Плохо шлось, трудно. Голова нестерпимо болела, каждый медленный шаг отдавался в затылке, хотелось ощупать темя, проверить, да не расколота ли башка напрочь, так что мозги текут на дорогу, пятная пыль.
«Не дойду, — отвлечённо, как не о себе, подумал Семён. — Тут мне и лежать…»
— …Алла!.. — дальним отголоском донёсся крик муэдзина.
Боже, и здесь от них спасения нет! Звонко как вопит, зовёт правоверных к намазу. Попробовали бы христиане этак в турецких или же персидских краях шум подымать — мигом бы и сами священники, и колокола лишились бы языков.
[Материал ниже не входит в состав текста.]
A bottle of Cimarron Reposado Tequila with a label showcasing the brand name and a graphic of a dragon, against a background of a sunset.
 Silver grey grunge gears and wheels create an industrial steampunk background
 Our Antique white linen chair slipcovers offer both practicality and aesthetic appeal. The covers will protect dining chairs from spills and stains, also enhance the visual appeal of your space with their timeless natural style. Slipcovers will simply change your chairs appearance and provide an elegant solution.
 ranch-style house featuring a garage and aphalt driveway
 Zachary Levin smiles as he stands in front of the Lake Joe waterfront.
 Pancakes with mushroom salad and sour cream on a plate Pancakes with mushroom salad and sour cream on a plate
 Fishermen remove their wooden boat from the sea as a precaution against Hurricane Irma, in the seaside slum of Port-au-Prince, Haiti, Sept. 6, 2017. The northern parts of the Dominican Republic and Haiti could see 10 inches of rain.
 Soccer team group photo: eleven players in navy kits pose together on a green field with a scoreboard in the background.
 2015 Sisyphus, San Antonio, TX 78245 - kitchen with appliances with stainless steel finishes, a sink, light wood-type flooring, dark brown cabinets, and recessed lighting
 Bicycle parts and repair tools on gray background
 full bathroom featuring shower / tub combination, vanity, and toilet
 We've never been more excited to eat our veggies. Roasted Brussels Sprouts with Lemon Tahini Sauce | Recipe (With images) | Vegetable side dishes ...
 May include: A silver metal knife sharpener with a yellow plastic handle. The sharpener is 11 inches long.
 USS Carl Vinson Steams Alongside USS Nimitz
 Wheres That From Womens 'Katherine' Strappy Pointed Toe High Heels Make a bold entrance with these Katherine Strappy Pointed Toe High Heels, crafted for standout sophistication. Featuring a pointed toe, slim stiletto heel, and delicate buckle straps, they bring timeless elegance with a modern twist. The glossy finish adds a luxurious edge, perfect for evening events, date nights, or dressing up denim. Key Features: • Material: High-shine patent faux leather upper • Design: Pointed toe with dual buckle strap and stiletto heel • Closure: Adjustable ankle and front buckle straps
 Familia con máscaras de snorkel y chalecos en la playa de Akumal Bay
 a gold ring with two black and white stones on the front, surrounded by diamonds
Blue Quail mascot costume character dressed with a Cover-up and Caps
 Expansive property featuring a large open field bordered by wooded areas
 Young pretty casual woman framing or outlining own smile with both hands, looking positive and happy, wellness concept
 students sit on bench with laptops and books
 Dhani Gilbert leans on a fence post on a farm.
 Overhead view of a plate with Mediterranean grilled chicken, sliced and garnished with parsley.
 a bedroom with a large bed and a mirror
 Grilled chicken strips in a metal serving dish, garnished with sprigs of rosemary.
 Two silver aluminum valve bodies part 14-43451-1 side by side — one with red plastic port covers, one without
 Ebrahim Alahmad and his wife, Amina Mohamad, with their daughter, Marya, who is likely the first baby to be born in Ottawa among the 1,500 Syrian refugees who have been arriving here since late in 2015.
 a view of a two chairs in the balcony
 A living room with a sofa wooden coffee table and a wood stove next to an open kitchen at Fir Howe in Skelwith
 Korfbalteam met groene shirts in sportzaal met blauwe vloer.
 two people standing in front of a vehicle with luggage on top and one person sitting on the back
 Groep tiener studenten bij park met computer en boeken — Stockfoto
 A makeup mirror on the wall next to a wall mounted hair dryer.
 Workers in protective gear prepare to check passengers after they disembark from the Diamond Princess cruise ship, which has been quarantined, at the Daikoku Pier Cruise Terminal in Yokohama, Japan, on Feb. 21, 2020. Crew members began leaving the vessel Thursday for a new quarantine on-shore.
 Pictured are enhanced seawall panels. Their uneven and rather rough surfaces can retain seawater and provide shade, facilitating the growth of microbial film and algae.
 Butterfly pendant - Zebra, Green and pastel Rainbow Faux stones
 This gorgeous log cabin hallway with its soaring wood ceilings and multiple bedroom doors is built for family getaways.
А православные слушают бусурманские призывы и терпят.
— …Алла!.. — летит над колючими зарослями призыв. — Молитва лучше иных дел!
Тропа вывела к невеликой татской деревушке. Мазанки с плоскими крышами, чахлые сады, бахча… Облупленная от старости мечеть пустая стоит при дороге — никто не пришёл на тщетный призыв.
Семён уже не шёл, тащился как раненый беюк-адам, стремясь лишь забиться в какую ни на есть щель, чтобы не подыхать прямо на дороге. Уже ни о чём не думая, свернул к мечети. На стук калитки вышел горбатый сторож, с испугом уставился на небывалого прохожего. То ли нищий пришёл, то ли бай — не разберёшь… Спутанные седые волосы запеклись кровью, нижняя рубаха из драгоценной хорасанской бязи, что дороже шёлка и белей виссона, разодрана и заляпана грязью. Сквозь прореху ясно виден висящий на шнуре медный крест с непонятными буквами — не арабскими и не русскими.
— Защиты и покровительства… — прошептал Семён, ухватившись за калитку, чтобы не упасть.
Сторож попятился, но, помня закон, ответил:
— Во имя Аллаха всемилостивейшего!
— Аллах акбар… — произнёс Семён прежде, чем тьма поглотила его.
Три недели таинственный прохожий пролежал в балахане, выстроенной позади мечети. Всё это время горбатый Мамед-оглы ухаживал за ним, кормил жидкой кашицей, менял на разбитой голове повязки. Приходил мулла, приносил целебную мазь с толчёной викой и аристолохией, сидел у постели, качал головой, слушая бред на семи языках. На вопросы Мамеда-оглы, что за обрезанный христианин к ним явился, отвечал коротко: «Аллах велик!» — а когда Семён чуть оклемался, велел отпустить его, не расспрашивая ни о чём. Всё равно Аллах знает сердце человека, а люди не знают. На дорогу Семёну дали немного просяных лепёшек на кунжутном масле и какую ни есть рванину, прикрыть наготу.